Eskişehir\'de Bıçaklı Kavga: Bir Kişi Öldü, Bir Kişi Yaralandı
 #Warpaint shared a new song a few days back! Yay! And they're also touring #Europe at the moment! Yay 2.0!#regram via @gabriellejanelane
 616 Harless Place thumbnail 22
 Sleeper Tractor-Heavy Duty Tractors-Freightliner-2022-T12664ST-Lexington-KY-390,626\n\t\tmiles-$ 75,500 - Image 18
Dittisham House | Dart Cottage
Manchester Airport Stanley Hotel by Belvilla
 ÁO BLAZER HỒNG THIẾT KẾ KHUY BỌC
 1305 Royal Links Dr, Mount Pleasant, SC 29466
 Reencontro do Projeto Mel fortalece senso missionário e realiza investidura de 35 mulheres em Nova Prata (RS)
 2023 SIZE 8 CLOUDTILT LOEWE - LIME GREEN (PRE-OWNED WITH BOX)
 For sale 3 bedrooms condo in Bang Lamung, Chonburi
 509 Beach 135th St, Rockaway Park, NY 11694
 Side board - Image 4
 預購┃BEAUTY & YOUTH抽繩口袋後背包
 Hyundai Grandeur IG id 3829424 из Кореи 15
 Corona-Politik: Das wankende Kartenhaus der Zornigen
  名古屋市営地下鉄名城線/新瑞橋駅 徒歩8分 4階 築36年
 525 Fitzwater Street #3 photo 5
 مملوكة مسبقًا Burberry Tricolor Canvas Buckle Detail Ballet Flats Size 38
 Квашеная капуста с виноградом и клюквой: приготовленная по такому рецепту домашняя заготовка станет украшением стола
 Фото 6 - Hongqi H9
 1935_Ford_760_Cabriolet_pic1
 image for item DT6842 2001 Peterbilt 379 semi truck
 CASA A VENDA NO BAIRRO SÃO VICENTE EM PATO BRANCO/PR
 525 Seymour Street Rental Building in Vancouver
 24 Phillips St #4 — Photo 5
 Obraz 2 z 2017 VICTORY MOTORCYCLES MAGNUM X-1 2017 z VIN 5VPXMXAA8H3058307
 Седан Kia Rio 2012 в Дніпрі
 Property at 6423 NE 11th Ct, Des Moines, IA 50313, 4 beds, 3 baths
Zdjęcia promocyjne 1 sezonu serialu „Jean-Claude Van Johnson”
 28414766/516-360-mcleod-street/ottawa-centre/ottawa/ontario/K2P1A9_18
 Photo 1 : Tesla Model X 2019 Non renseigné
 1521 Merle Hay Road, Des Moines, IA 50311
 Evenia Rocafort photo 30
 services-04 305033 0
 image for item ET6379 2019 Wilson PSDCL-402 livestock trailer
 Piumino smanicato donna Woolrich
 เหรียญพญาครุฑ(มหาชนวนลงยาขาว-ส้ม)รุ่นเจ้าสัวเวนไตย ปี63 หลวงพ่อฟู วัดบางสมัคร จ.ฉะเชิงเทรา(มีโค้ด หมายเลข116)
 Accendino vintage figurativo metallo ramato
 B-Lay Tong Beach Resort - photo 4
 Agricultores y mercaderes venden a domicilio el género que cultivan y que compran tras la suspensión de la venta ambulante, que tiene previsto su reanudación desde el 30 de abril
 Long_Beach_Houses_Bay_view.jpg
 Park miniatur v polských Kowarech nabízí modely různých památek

Directions: Where the listing above has a line with "Sleeper Tractor-Heavy Duty", start there, and output every line exactly through the line with "Property at 6423", which is also included.

Result of this task:
 Sleeper Tractor-Heavy Duty Tractors-Freightliner-2022-T12664ST-Lexington-KY-390,626\n\t\tmiles-$ 75,500 - Image 18
Dittisham House | Dart Cottage
Manchester Airport Stanley Hotel by Belvilla
 ÁO BLAZER HỒNG THIẾT KẾ KHUY BỌC
 1305 Royal Links Dr, Mount Pleasant, SC 29466
 Reencontro do Projeto Mel fortalece senso missionário e realiza investidura de 35 mulheres em Nova Prata (RS)
 2023 SIZE 8 CLOUDTILT LOEWE - LIME GREEN (PRE-OWNED WITH BOX)
 For sale 3 bedrooms condo in Bang Lamung, Chonburi
 509 Beach 135th St, Rockaway Park, NY 11694
 Side board - Image 4
 預購┃BEAUTY & YOUTH抽繩口袋後背包
 Hyundai Grandeur IG id 3829424 из Кореи 15
 Corona-Politik: Das wankende Kartenhaus der Zornigen
  名古屋市営地下鉄名城線/新瑞橋駅 徒歩8分 4階 築36年
 525 Fitzwater Street #3 photo 5
 مملوكة مسبقًا Burberry Tricolor Canvas Buckle Detail Ballet Flats Size 38
 Квашеная капуста с виноградом и клюквой: приготовленная по такому рецепту домашняя заготовка станет украшением стола
 Фото 6 - Hongqi H9
 1935_Ford_760_Cabriolet_pic1
 image for item DT6842 2001 Peterbilt 379 semi truck
 CASA A VENDA NO BAIRRO SÃO VICENTE EM PATO BRANCO/PR
 525 Seymour Street Rental Building in Vancouver
 24 Phillips St #4 — Photo 5
 Obraz 2 z 2017 VICTORY MOTORCYCLES MAGNUM X-1 2017 z VIN 5VPXMXAA8H3058307
 Седан Kia Rio 2012 в Дніпрі
 Property at 6423 NE 11th Ct, Des Moines, IA 50313, 4 beds, 3 baths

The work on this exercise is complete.